— WORK TO COMPLETE —
Each line from the one holding "MARGARET HOWELL（マーガレットハウエル）の「FINE COMPACT" through the end of the records should be returned exactly, while pictures are skipped.

BEGIN DATA PROVIDED

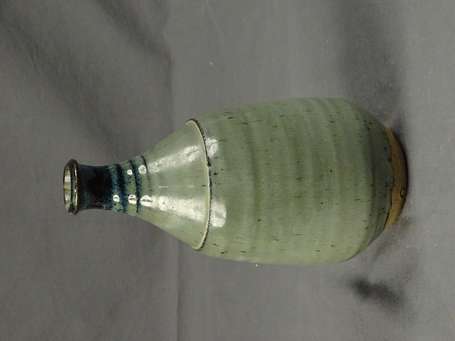 Vase balustre à col étroit en grès bleuté. H. 23 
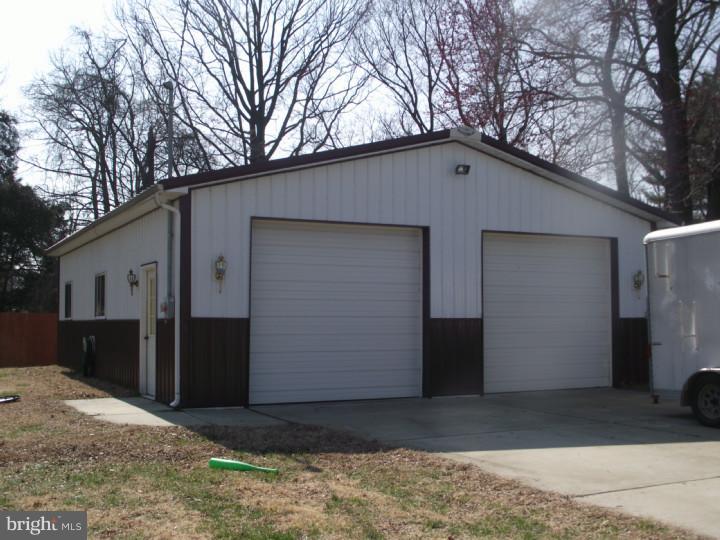 125 Oberlin Road Pennsville, NJ 08070 - Photo 8 of 18 Garage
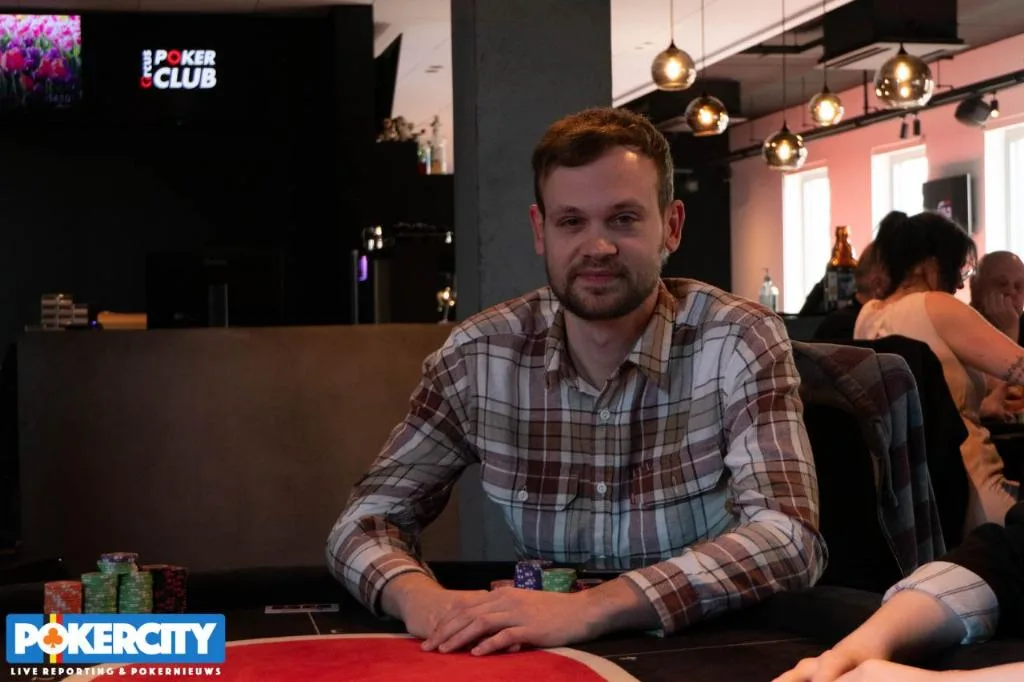 © 2026 Pokercity | Simon Nickmans | 2022/03 - Pokahchamp - Pokahchamp XL Simon Nickmans | 2022/03 - Pokahchamp - Pokahchamp XL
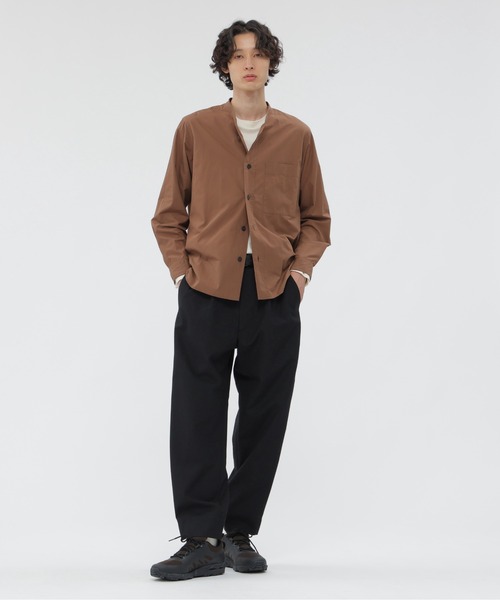 MARGARET HOWELL（マーガレットハウエル）の「FINE COMPACT COTTON POPLIN（シャツ/ブラウス・メンズ・ブラウン・LARGE/MEDIUM/SMALL）」の3枚目の写真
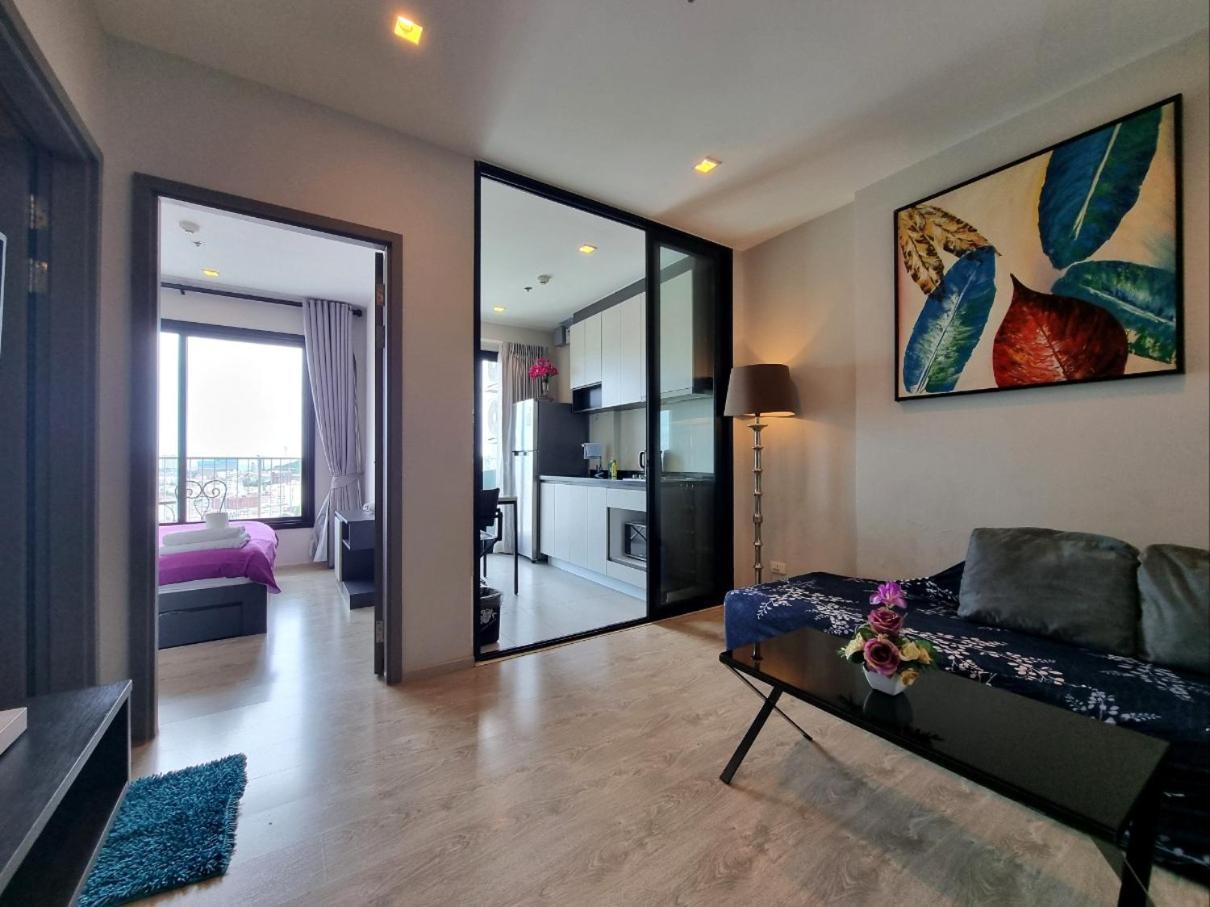The Base Condo Center Of Pattaya Rooftop Swimming Pool Exteriör bild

END DATA PROVIDED

— WRITTEN SOLUTION —
 MARGARET HOWELL（マーガレットハウエル）の「FINE COMPACT COTTON POPLIN（シャツ/ブラウス・メンズ・ブラウン・LARGE/MEDIUM/SMALL）」の3枚目の写真
The Base Condo Center Of Pattaya Rooftop Swimming Pool Exteriör bild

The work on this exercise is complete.